Walking upstairs I was thinking

When I was coming home yesterday walking up the stairs, I was thinking, someone famous once said: “every society could be judged on the basis of how it treats women”. I suddenly thought: “Every society can be judged, from how it treats ‘mad’ people.”  Then my thinking jumped and I thought: “how it creates madness”.

And my (nearly) final conclusion was: “every society can be judged, from how it creates and treats it’s mad”.

Then I thought: feminists have rightly criticized the word ‘treat’ – and the idea, which is implied, that women are not part of the society. Because the original statement implies, that the society is male and women are external to it, some kind of ‘objects’ – to which the male-society relates: men ‘treat’ women.

There is already so much wrong expressed in these words. I always hated when men said “I treat my wife/girlfriend really well”. I usually have a feeling that they are talking about a dog, who should feel privileged. – All of these thoughts and ideas swam, or rather, rocketed through my head while I was making the steps upwards.

The next thought was: ‘judged’ is the wrong expression. I asked, who am I to judge? Or who are supposed to be the judges according to the original statement? Are they not part of the society? What makes them either outsiders or superior beings, above everyone else, and independent?
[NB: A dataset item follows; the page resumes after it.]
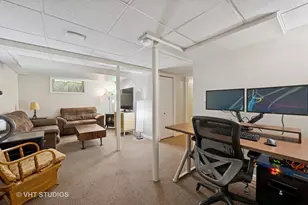 415 W Willow St, Arlington Heights, IL 60004 - Photo 15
I concluded quickly: instead of ‘judged’ I could say: “Every society has it’s own typical way of ‘treating’ and creating it’s women and it’s mad.” Societies create role models for women and they use various methods to force the individual women to conform to these female images. Societies also create their own concepts of ‘normality’ and ‘madness’, and they offer typical mad-roles.

Shop-window women

I started to laugh. Because at this point, I realised, it was not only self-evident, it was banal!Of course it has. It also has it’s own way of creating male roles, children-roles, cities and hierarchies, customs and memories. Nothing seemed more obvious, I thought, and felt ridiculous for thinking about the whole subject. I arrived in front of my flat, opened the door, said a loud hello to my kids, and shut my brain. 

Piroska Markus

(I wrote this piece sometimes in the 1990’s when I had three small children and I was working as a mental health social worker in Central London. We were living on the 2nd floor of a large Council building so all these thoughts went through my head during the 2 minute it took to walk up from the ground floor to our flat.)